▶ **ACTIVITY**
Below are some records. Print all of them exactly as they appear.

▶ **EXCERPTED DATA**
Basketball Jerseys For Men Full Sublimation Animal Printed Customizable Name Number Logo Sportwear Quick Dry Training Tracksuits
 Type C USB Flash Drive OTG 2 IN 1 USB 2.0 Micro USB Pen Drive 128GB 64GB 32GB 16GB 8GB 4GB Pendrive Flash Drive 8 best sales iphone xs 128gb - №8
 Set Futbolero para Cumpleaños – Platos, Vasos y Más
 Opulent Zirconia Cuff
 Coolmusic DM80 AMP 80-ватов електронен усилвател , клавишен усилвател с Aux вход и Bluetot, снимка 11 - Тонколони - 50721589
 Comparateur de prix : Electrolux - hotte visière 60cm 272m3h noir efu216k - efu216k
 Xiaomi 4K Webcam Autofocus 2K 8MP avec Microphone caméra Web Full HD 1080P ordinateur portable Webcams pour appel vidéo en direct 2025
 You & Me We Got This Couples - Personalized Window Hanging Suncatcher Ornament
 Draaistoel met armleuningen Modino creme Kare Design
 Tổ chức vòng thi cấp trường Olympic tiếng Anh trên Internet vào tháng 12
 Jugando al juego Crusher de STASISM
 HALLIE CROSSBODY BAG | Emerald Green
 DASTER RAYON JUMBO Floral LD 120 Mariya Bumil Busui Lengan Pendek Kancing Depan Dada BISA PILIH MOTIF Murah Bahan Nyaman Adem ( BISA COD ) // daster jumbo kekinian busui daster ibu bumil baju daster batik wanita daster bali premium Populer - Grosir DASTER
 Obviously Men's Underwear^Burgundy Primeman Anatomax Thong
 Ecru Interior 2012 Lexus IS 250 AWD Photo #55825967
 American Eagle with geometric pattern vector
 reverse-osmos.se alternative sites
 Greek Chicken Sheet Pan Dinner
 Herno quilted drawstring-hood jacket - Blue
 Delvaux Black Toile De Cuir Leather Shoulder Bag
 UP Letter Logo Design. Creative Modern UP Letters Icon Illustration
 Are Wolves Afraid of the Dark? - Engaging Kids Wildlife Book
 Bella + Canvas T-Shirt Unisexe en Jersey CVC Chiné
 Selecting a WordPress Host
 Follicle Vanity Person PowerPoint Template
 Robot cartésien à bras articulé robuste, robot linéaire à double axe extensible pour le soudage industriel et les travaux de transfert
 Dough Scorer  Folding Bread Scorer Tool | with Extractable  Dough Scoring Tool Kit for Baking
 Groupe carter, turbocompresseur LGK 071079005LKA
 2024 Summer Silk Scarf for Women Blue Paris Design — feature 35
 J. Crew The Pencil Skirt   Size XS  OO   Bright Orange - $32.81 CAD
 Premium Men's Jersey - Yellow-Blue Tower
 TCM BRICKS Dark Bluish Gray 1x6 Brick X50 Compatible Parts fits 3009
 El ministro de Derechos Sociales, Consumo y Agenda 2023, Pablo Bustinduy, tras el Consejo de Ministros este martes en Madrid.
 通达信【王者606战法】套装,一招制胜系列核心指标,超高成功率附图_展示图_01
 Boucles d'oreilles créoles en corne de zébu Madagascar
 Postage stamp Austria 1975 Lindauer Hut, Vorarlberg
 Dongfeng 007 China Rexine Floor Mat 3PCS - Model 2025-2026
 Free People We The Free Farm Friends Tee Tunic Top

▶ **SOLUTION TO THIS PROBLEM**
Basketball Jerseys For Men Full Sublimation Animal Printed Customizable Name Number Logo Sportwear Quick Dry Training Tracksuits
 Type C USB Flash Drive OTG 2 IN 1 USB 2.0 Micro USB Pen Drive 128GB 64GB 32GB 16GB 8GB 4GB Pendrive Flash Drive 8 best sales iphone xs 128gb - №8
 Set Futbolero para Cumpleaños – Platos, Vasos y Más
 Opulent Zirconia Cuff
 Coolmusic DM80 AMP 80-ватов електронен усилвател , клавишен усилвател с Aux вход и Bluetot, снимка 11 - Тонколони - 50721589
 Comparateur de prix : Electrolux - hotte visière 60cm 272m3h noir efu216k - efu216k
 Xiaomi 4K Webcam Autofocus 2K 8MP avec Microphone caméra Web Full HD 1080P ordinateur portable Webcams pour appel vidéo en direct 2025
 You & Me We Got This Couples - Personalized Window Hanging Suncatcher Ornament
 Draaistoel met armleuningen Modino creme Kare Design
 Tổ chức vòng thi cấp trường Olympic tiếng Anh trên Internet vào tháng 12
 Jugando al juego Crusher de STASISM
 HALLIE CROSSBODY BAG | Emerald Green
 DASTER RAYON JUMBO Floral LD 120 Mariya Bumil Busui Lengan Pendek Kancing Depan Dada BISA PILIH MOTIF Murah Bahan Nyaman Adem ( BISA COD ) // daster jumbo kekinian busui daster ibu bumil baju daster batik wanita daster bali premium Populer - Grosir DASTER
 Obviously Men's Underwear^Burgundy Primeman Anatomax Thong
 Ecru Interior 2012 Lexus IS 250 AWD Photo #55825967
 American Eagle with geometric pattern vector
 reverse-osmos.se alternative sites
 Greek Chicken Sheet Pan Dinner
 Herno quilted drawstring-hood jacket - Blue
 Delvaux Black Toile De Cuir Leather Shoulder Bag
 UP Letter Logo Design. Creative Modern UP Letters Icon Illustration
 Are Wolves Afraid of the Dark? - Engaging Kids Wildlife Book
 Bella + Canvas T-Shirt Unisexe en Jersey CVC Chiné
 Selecting a WordPress Host
 Follicle Vanity Person PowerPoint Template
 Robot cartésien à bras articulé robuste, robot linéaire à double axe extensible pour le soudage industriel et les travaux de transfert
 Dough Scorer  Folding Bread Scorer Tool | with Extractable  Dough Scoring Tool Kit for Baking
 Groupe carter, turbocompresseur LGK 071079005LKA
 2024 Summer Silk Scarf for Women Blue Paris Design — feature 35
 J. Crew The Pencil Skirt   Size XS  OO   Bright Orange - $32.81 CAD
 Premium Men's Jersey - Yellow-Blue Tower
 TCM BRICKS Dark Bluish Gray 1x6 Brick X50 Compatible Parts fits 3009
 El ministro de Derechos Sociales, Consumo y Agenda 2023, Pablo Bustinduy, tras el Consejo de Ministros este martes en Madrid.
 通达信【王者606战法】套装,一招制胜系列核心指标,超高成功率附图_展示图_01
 Boucles d'oreilles créoles en corne de zébu Madagascar
 Postage stamp Austria 1975 Lindauer Hut, Vorarlberg
 Dongfeng 007 China Rexine Floor Mat 3PCS - Model 2025-2026
 Free People We The Free Farm Friends Tee Tunic Top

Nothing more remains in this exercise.